Since VividCortex announced our support for Amazon Web Service's Aurora last year, we've had great experiences working with customers who use Aurora as their database system of choice. And not only is Amazon's RDS excellent, so is their team and support.
Recently, we encountered a MySQL bug that was, in turn, having effects on Amazon's RDS. The MySQL issue involved a problematic query that caused Aurora instances to crash under load; upon discovering this issue, we had the opportunity to work with AWS to identify the error in MySQL and fix it, so that it would avoid an impact on AWS's systems. It turned out that the query itself posed a potential problem for all monitoring services — not just VividCortex; fortunately, however, once AWS addresses the bug, the problem will be fixed for all monitoring products that might come across it, in regards to Aurora. Here's some background on the issue and how we addressed it.
Just as with all database technologies we support, VividCortex gets metrics about MySQL from many places, including network sniffing and a normal connection to MySQL itself. Sniffing is our preferred method for reading queries, due to the richer information in the protocol. However, we can always resort to PERFORMANCE_SCHEMA for query metrics if sniffing is not an option in a customer's setup. (This is the case for systems using an Amazon RDS instance, for example.) Regardless of query metrics' source, our agents always open a connection to MySQL. There's plenty of information that we can fetch at one-second resolution, including all metrics populating the MySQL and InnoDB charts in the UI.

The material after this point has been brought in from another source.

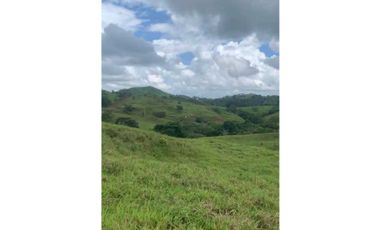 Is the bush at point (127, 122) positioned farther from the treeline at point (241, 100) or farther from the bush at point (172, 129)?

SHOW PROCESSLIST is among the items we check for some useful bits of data (unlike many monitoring tools, "polling PROCESSLIST" is not the primary way we monitor queries), although we may use a variety of means to get that particular data. There are at least a couple of equivalent alternatives: using tables in PERFORMANCE_SCHEMA or INFORMATION_SCHEMA. Our agent will automatically choose the one with the smallest impact on your server. We're very careful about how we do this because we've had a lot of experience with monitoring tools that indiscriminately look at such information and cause server performance problems.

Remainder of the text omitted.